About this task. Among the lines below, the one containing "Прозрачный корпус дорогих часов" opens the range and the one containing "Plantation techniques" closes it. Print that range exactly, without the pictures.

Material for the task.
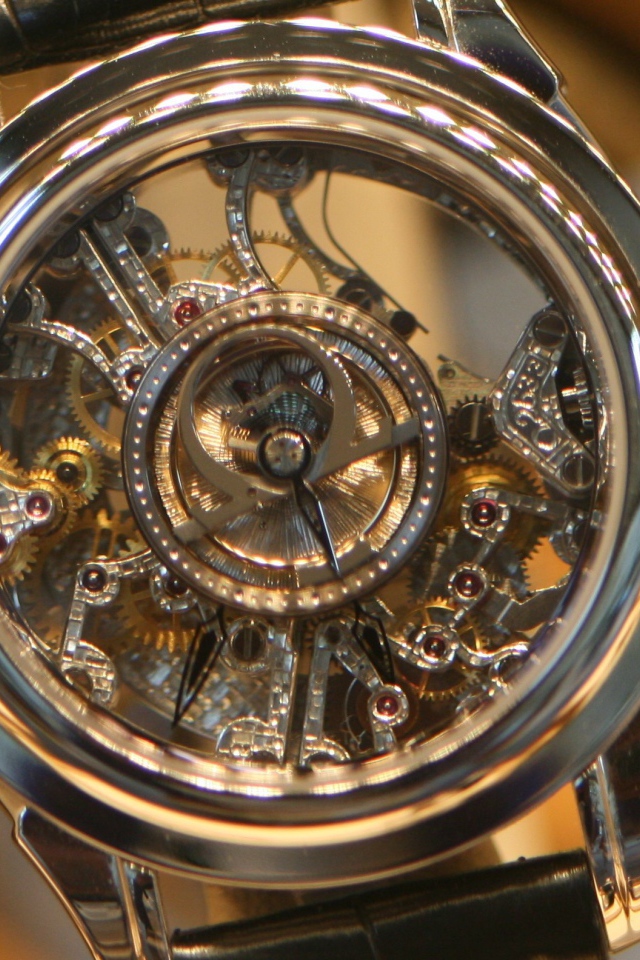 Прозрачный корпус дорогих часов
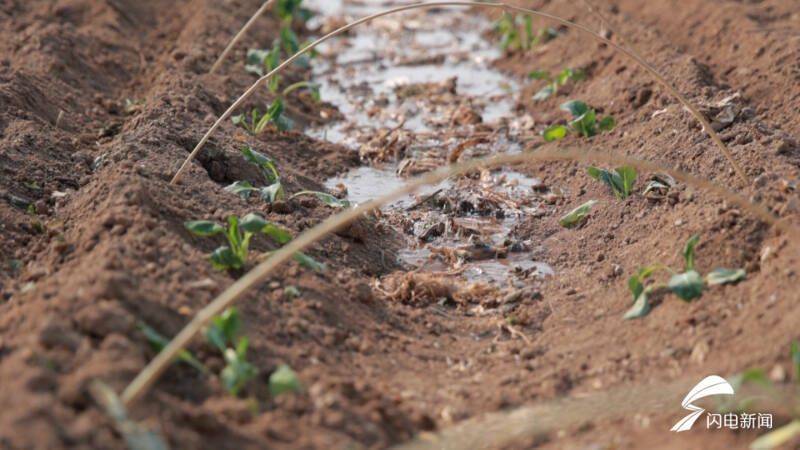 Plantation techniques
...
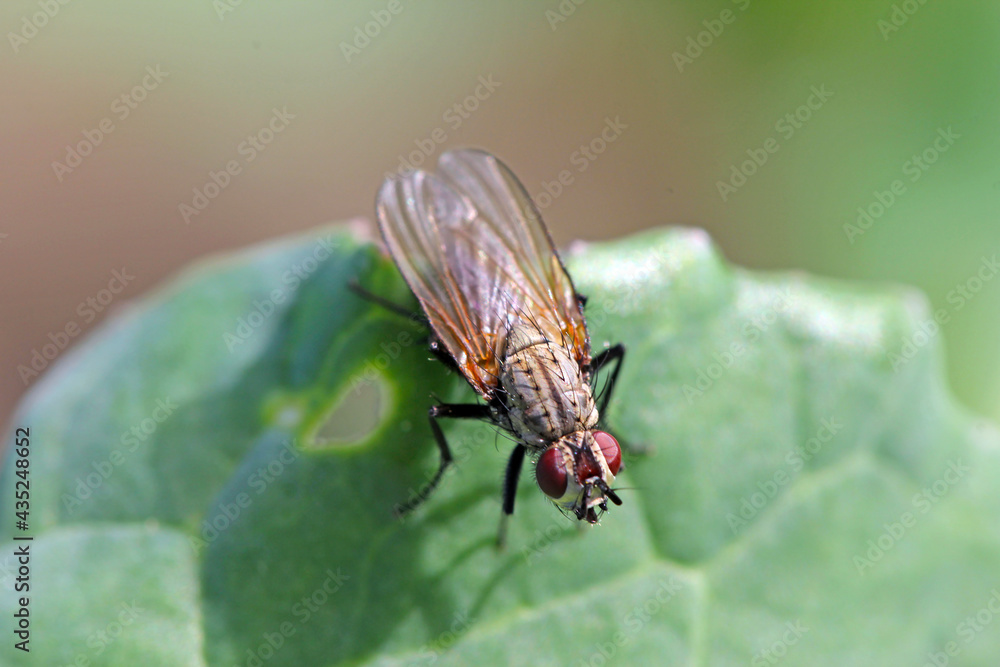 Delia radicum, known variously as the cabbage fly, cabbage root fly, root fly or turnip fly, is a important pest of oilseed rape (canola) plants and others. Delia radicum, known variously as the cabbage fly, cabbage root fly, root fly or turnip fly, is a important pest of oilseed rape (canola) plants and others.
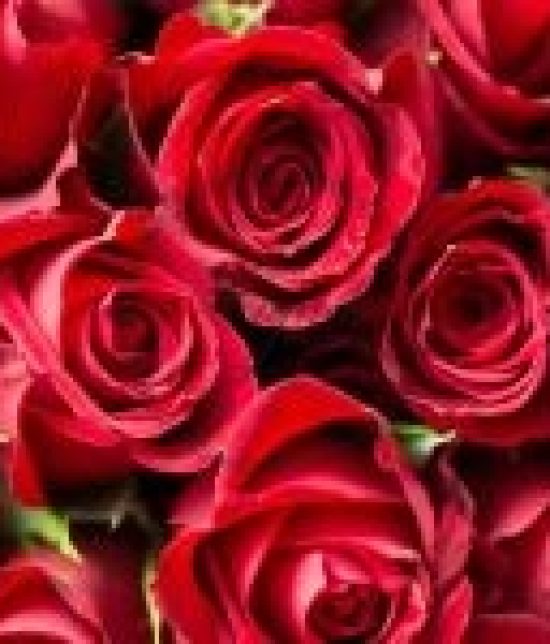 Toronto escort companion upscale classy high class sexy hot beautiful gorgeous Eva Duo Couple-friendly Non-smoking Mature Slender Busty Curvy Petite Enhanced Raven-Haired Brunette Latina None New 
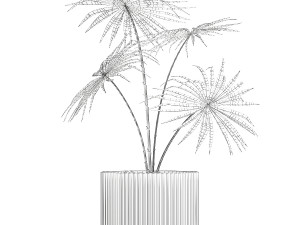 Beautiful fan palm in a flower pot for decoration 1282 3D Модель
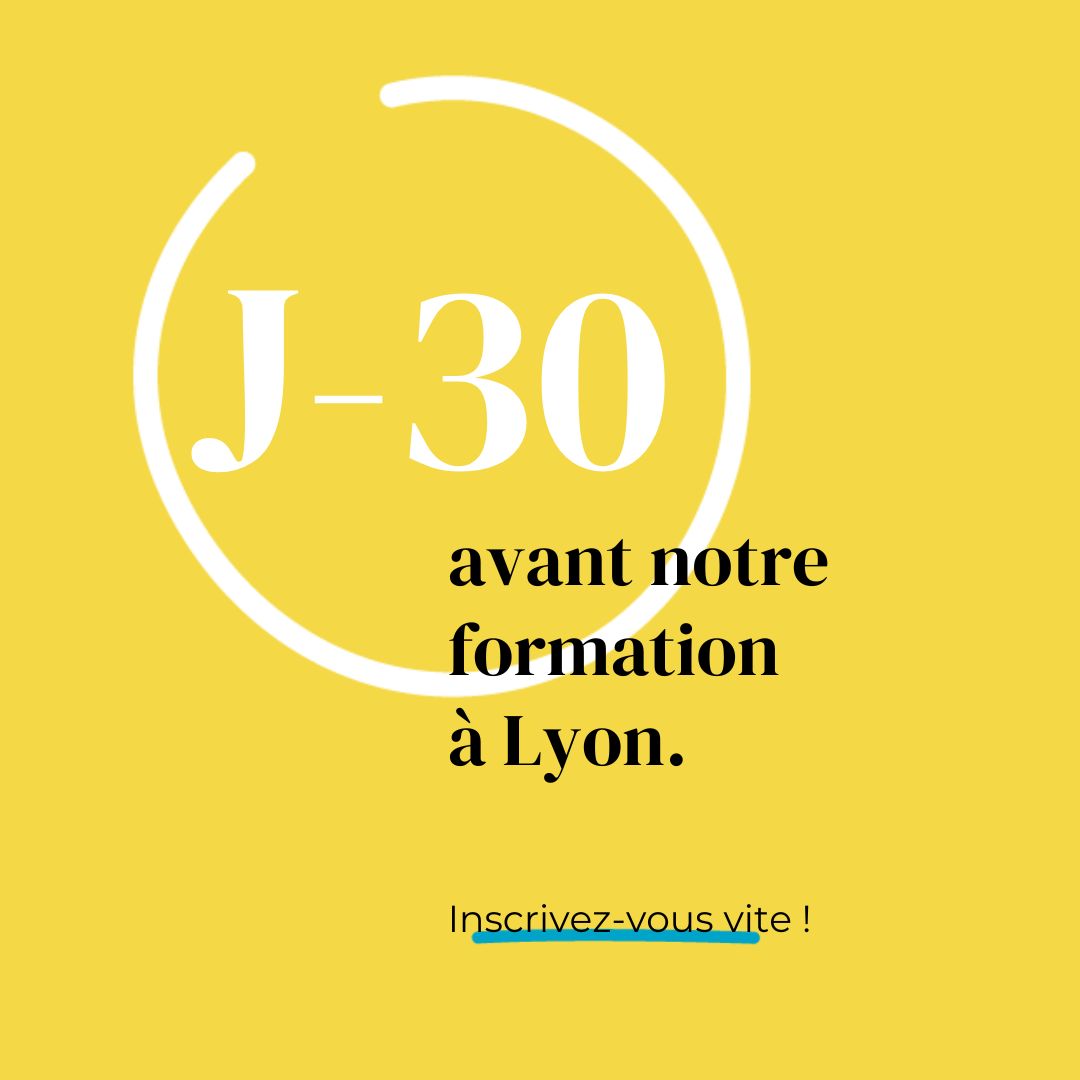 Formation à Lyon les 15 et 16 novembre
--
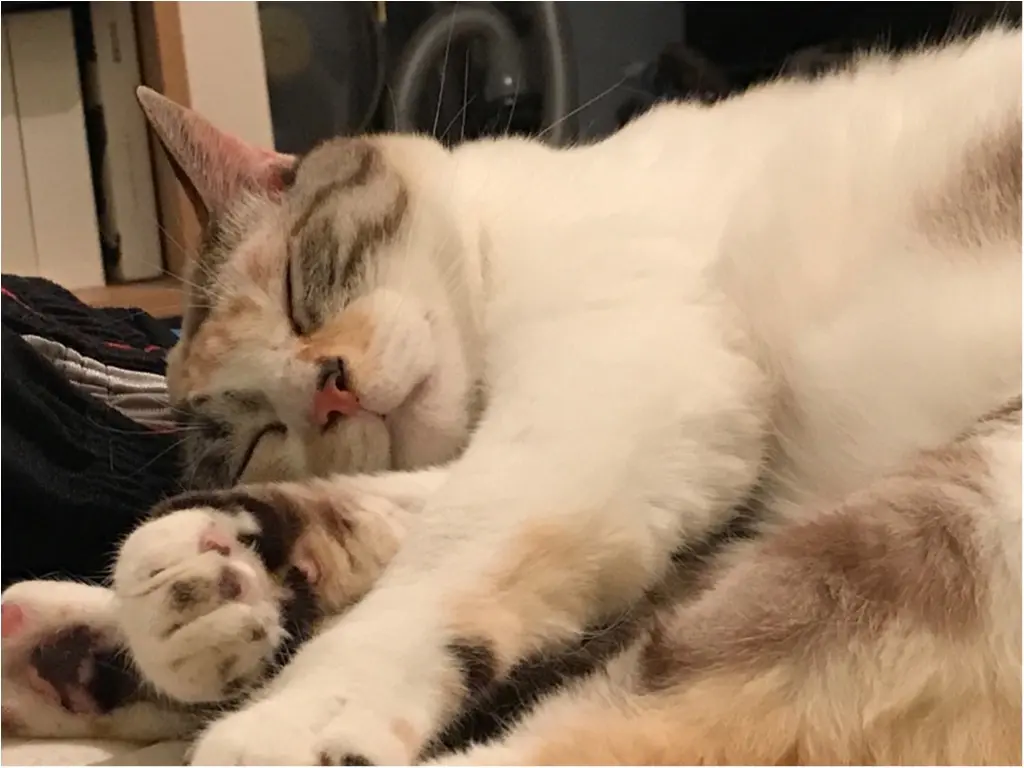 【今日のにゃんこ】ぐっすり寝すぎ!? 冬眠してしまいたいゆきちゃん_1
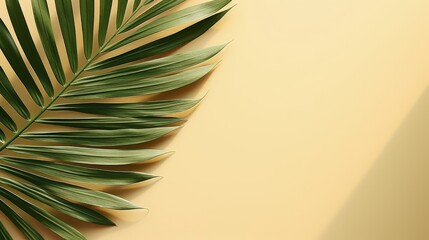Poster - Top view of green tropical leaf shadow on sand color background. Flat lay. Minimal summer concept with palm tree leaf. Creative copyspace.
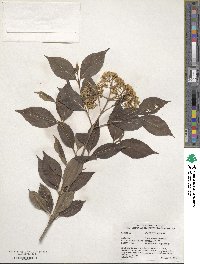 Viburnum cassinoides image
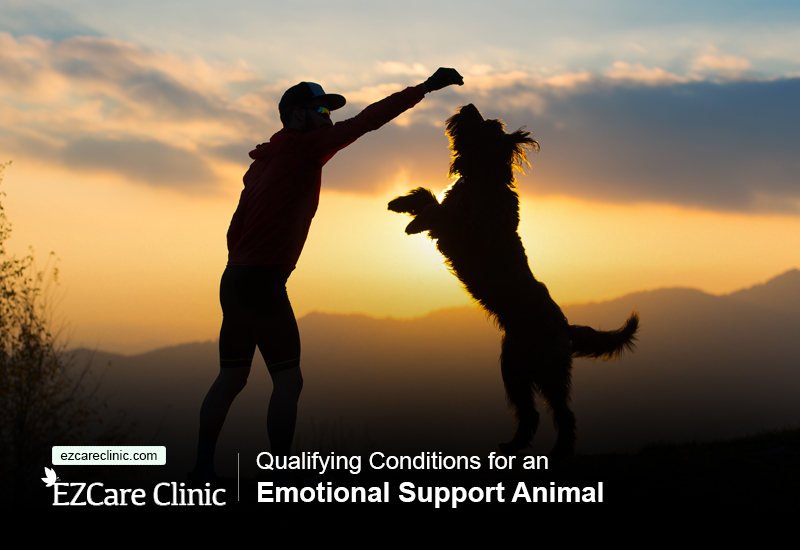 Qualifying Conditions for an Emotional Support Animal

Exercise result.
 Прозрачный корпус дорогих часов
 Plantation techniques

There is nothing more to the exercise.